[Image-text web data]
═══
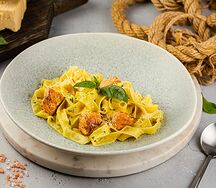 Феттуччине с лососем в сливочном соусе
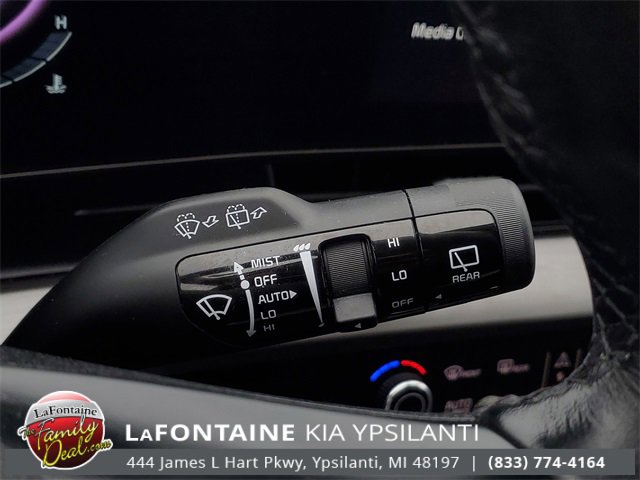 Certified 2025 Kia Sportage EX image 17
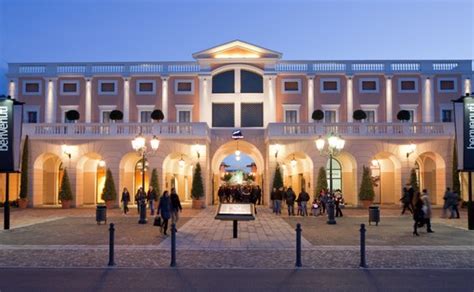 borse prada outlet marcianise|La Reggia Designer Outlet.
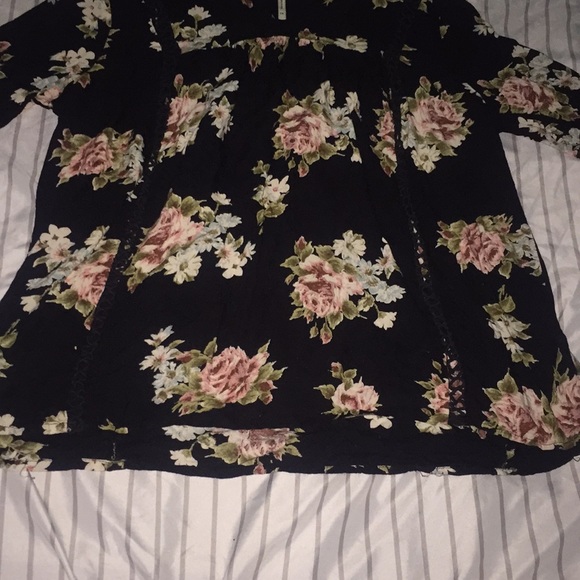 Blouse!! - Picture 8 of 8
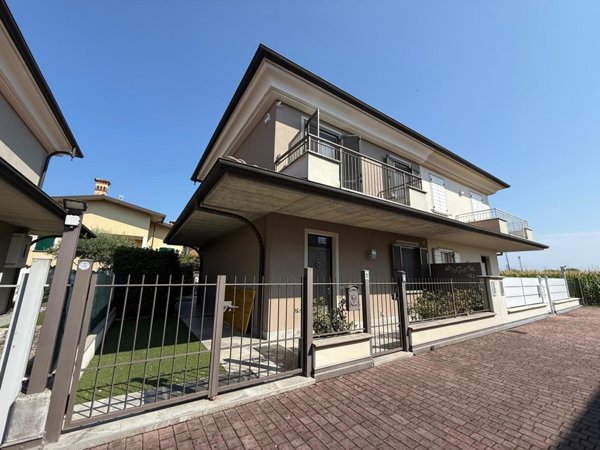 casa indipendente in vendita a Trenzano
═══
### [Instructions to follow]
Retype, exactly and only, the lines from the one containing "Certified 2025 Kia Sportage EX image 17" through the end of the entries, both ends included, and omit all pictures.

### [Reply to the exercise]
 Certified 2025 Kia Sportage EX image 17
 borse prada outlet marcianise|La Reggia Designer Outlet.
 Blouse!! - Picture 8 of 8
 casa indipendente in vendita a Trenzano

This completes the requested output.